Una valida politica per l’immigrazione e l’integrazione non può
essere attuata senza la consapevolezza della propria identità
nazionale e culturale. Il nostro atteggiamento di fondo è a un
tempo patriottico e aperto al mondo. L’identità della nazione tedesca nasce dal nostro ordinamento costituzionale, così come dalla
storia, dalla lingua e dalla cultura che abbiamo in comune. La
nostra cultura comprende la tradizione sviluppatasi nel corso della
storia, così come le diverse espressioni della vita degli uomini e
delle donne del nostro tempo. Nel corso della storia e sulla base
della civiltà europea, abbiamo sviluppato un’identità e una cultura
nazionali che si riflettono nella nostra lingua, nelle arti, negli usi
e costumi così come nella nostra concezione del diritto e della
democrazia, delle libertà e dei doveri dei cittadini. La Germania è
partecipe dei valori comuni dell’Occidente cristiano, e appartiene
pertanto alla comunità culturale europea.

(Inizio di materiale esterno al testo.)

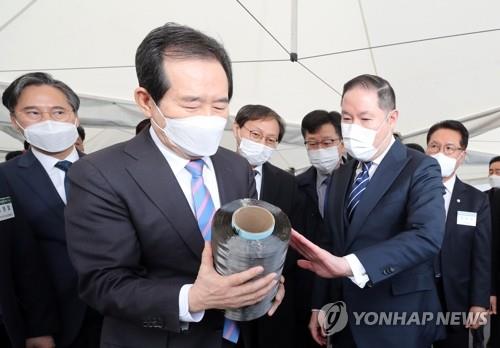 효성 전주공장서 탄소섬유 장비시찰하는 정세균 총리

In quanto nazione, portiamo collettivamente la responsabilità del
nostro passato, così come quella della costruzione del nostro
futuro. La condivisione del nostro retaggio storico e culturale e la
nostra comune volontà di libertà e unità sono espressione della
nostra identità nazionale e costituiscono la condizione fondamentale per il rinsaldarsi dei vincoli tra gli individui che compongono il
nostro popolo e il nostro Stato riunificati. La coscienza nazionale,
intesa in senso democratico, promuove la disponibilità ad assumersi le responsabilità e gli oneri collettivi.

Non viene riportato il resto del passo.